Amazon is buying Whole Food locations.
Some analysts have opined that the value of Whole Foods as a business was negligible and that the real estate is fully worth the valuation they paid.
Whole Foods will be learning logistics from Amazon without any doubt.
Amazon is a disrupter. It went after books and took Borders out and Barnes and Noble sales are way down. They went after on line sales of nearly everything. And now Sears has warned it may be going out of business and Penny’s and Macy’s and malls are in trouble. They got into electronics and now Circuit City and others are gone. Best Buy though is doing well but they responded well too. Now it is groceries, and it could be for home delivery who knows. So investors are a little wary about other grocery chains. Hence, the stock price drop.
Now if you think the market is wrong about this, Kroger has to be a good buy about now.
Are you worried about monopoly power?
Leading at last to the implosion of the late-finance stage of the capitalist mode of production-for profit, and its inevitable replacement by a socialist mode of production-for-use.
I’m not saying we wouldn’t get our hair mussed….
Please proceed!
Thanks for making me clean the coffee off my screen.
Please proceed, indeed.
What exactly should be the Democratic caucus’s position.
My thought:
The (D)’s should vote 100% for a clean bill with no riders. It’s every man for himself on a clean bill with a short expiration date. They should vote 100% against a bill with riders attached, even if the riders aren’t so bad.
They should offer their own bill or an amendment deleting everything in the bill (if it isn’t a clean extension for at least the fiscal year) and replacing it with a repeal of the (1926?) debt limit requirement. A budget implies a debt limit. A separate debt limit is just a waste of time and shows a 1920’s understanding of economics (i.e. nothing past Adam Smith).
Or n1colas’ plan below. It’s more aggressive than mine, but I’d go along.
The only vote the Democrats should provide is a vote to get rid of the debt ceiling altogether, which solves this upcoming self-inflicted “crisis”, and doesn’t allow the Republican party to continue holding the economy hostage to their inanity.
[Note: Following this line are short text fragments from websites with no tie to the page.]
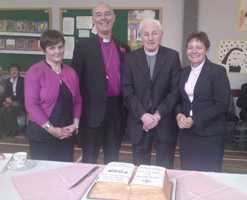 With the anniversary cake at St Stephen's are, from left: Mrs Janet Spence (parish reader), Church of Ireland Primate Archbishop Alan Harper, Canon JTR Rodgers (previous rector) and Rev Edith Quirey (rector).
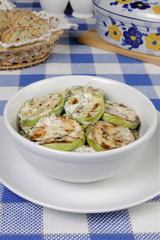 Zucchini in milk sauce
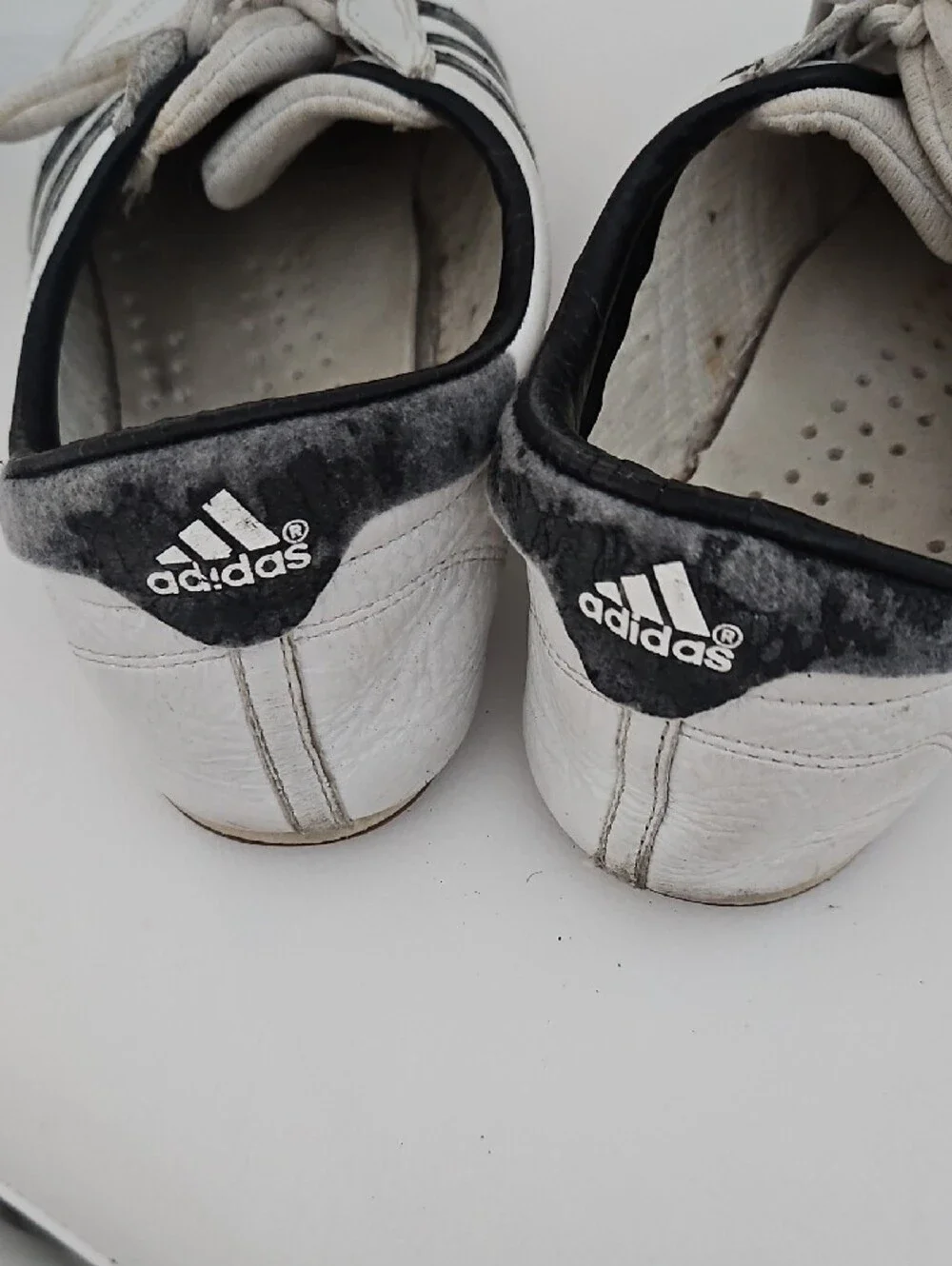 adidas Classic White Athletic Shoes with Black Stripes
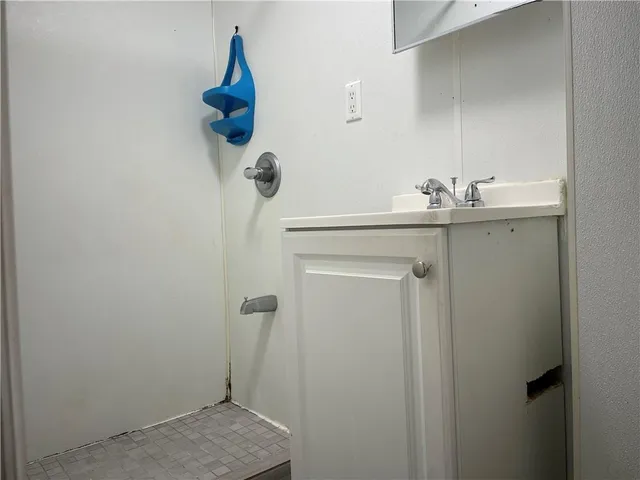 a bathroom with a sink and mirror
I think the M&M boys have a couple of alternatives in mind that they will, seemingly, pull out of the hat at the last moment.
There’s no possibility on getting the debt limit raised in any non-crisis situation, I.e. at the deadline.
They also know there’s no upside to proposing a realistic compromise to be torn to shreds well in advance of deadline.
The Democrats are the only ones negotiating here. They need to stay firm because the Republicans have to cave or face severe consequences.
My guess is that the (Republican) House pleases the (Republican) Senate on the debt limit if the Senate passes Trumpcare, pleasing the House.
No sense hardening positions until the fate of Trumpcare is clear.
Yup … the Repubs’ masters would never allow a default … too damaging to THEIR bottom line, no matter what the Teabaggers want. A way will be found, and I hope the Dems have the b$^ls to stand firm.
I am still unclear of the problem here. The debt limit relates to the debt and prevents the Treasury from issuing any new bonds in excess of the limit. If there is a budget, the government does not need to shut down. the Treasury can spend up to the limit of the budget and the debt limit. Obviously it cannot spend in excess of the tax revenue, i.e. no deficit. It can also redeem bonds as they come due and issue replacements.
But if this is a two-for with no budget authorization to spend, the government shuts down, since there is no authorization to spend anything. That seems to me to be a suicide pact. It is likely congress would approve some spending to avoid that, like paying the military.
Even with a budget to spend the spending cuts would have to be around 600 billion, the annual deficit, or 15% of the expected spending level. That sort of cut will lead to recession. And the stock market will likely not take the news easily.